Solved: Nikon RAW+JPEG, no RAW

So, two points goes to you, mrmacedonian! 
	

	
	
		
		

		
		
	


	




But I must say that the ironic thing is that when I load my camera to my computer, I am unable to view it via ViewNX.  I have opened VNX, turned my camera off/unplugged it, reinserted it, power on... and nada.  I am baffled.


----------



## pbelarge (Feb 26, 2010)

Are you on a Mac or Windows computer?


----------



## gardy90 (Feb 26, 2010)

i just started playing with raw a few days ago, and i just use the card reader on my computer, when i open the folder i see both the raw and JPG of the raw right next to it


----------



## tdiprincess (Feb 26, 2010)

I was just gonna say I have a Nikon D70s.. I captured in RAW, hooked the camera to my laptop and downloaded them with PS and had no problems whatsoever.
A few of the pics I also had taken a couple in complete auto and it kept it as RAW...

Not sure if you know this also, but to upload to photobucket and such it has to be converted to jpeg at some point.... probably do, but just being sure.


----------



## myfotoguy (Feb 26, 2010)

Without benig at home to test this... check your camera manual to see if your camera is in the correct communication mode for transferring files. (as was mentioned earlier, transfer not copy and paste).

Also, I have noticed sometimes my opperating system gets goofy at the USB port, and it doesn't recognize my devices, maybe that is another reason why ViewNX doesn't see it?

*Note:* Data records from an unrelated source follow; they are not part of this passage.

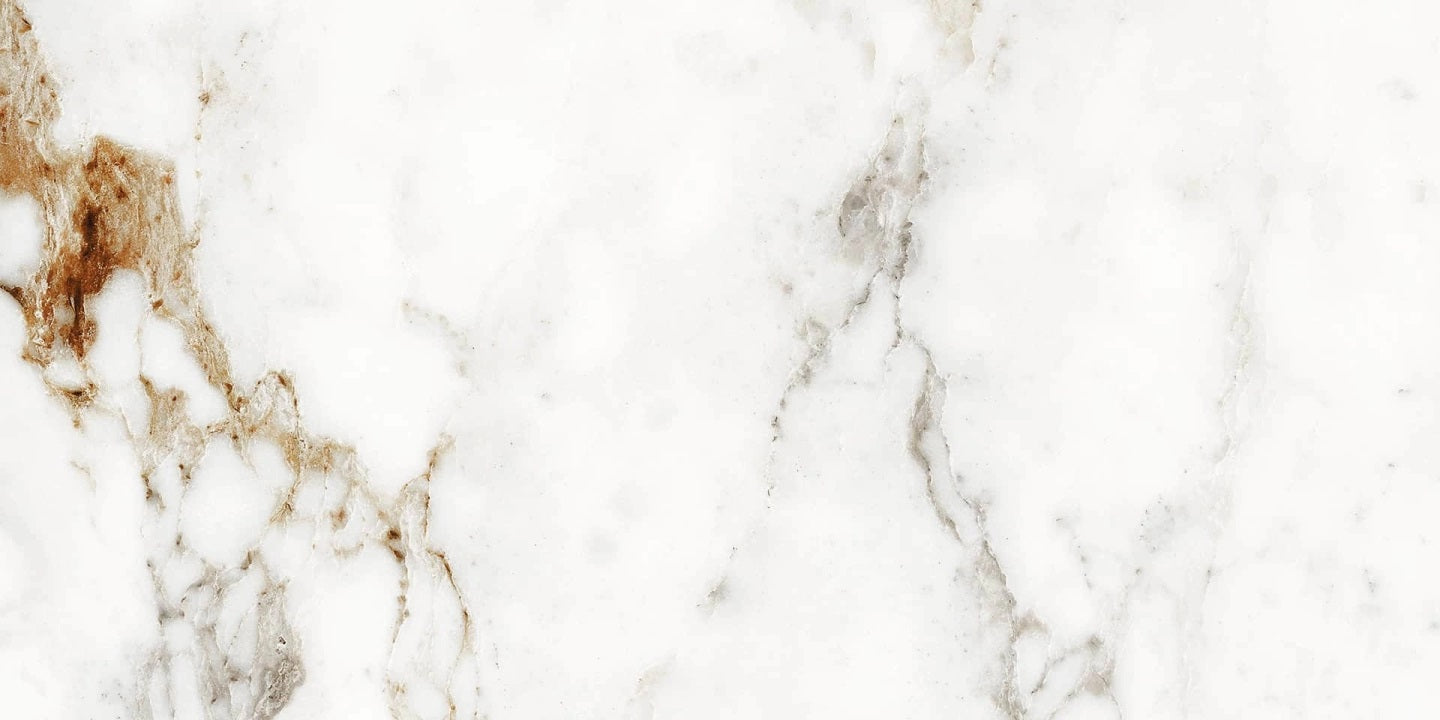 Barnaby matte porcelain tile with a white, gold, and silver marble design, for floors and walls. In a 24x48" size.
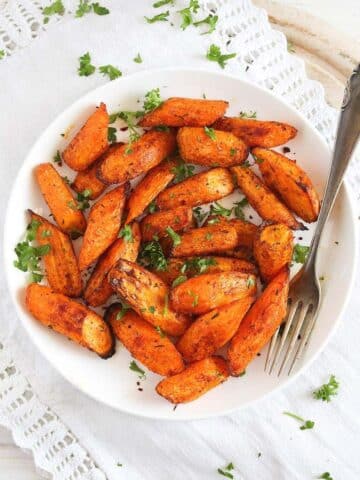 air fryer carrots sprinkled with parsley on a white plate with a fork
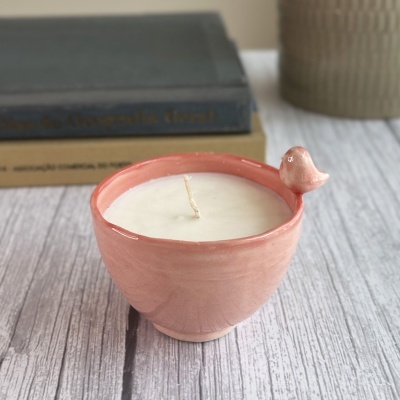 Vela em copo cerâmico rosa com pássaro decorativo sobre mesa de madeira clara
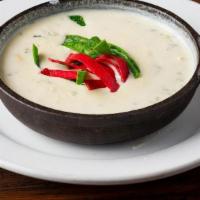 Mi Queso · blend of cheese, tomatoes, onions, and peppers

One suggetion I have is to use a card reader and transfer using your software transfer function. I have heard a few stories here and there about tranfer cords not working, or the pins breaking from all the connecting and disconnecting. I don't know how ture that all is, but I personally prefer a card reader anyway, it's faster and more convenient for me. Just a thought, whatever it's worth.

So how did the shots turn out? I take a ton of pictures in my church with low light, it can be a challenge with inconsistent lighting on the "stage". HDR is a good idea. I have been usually just shooting one image, but may consider trying HDR sometime.


----------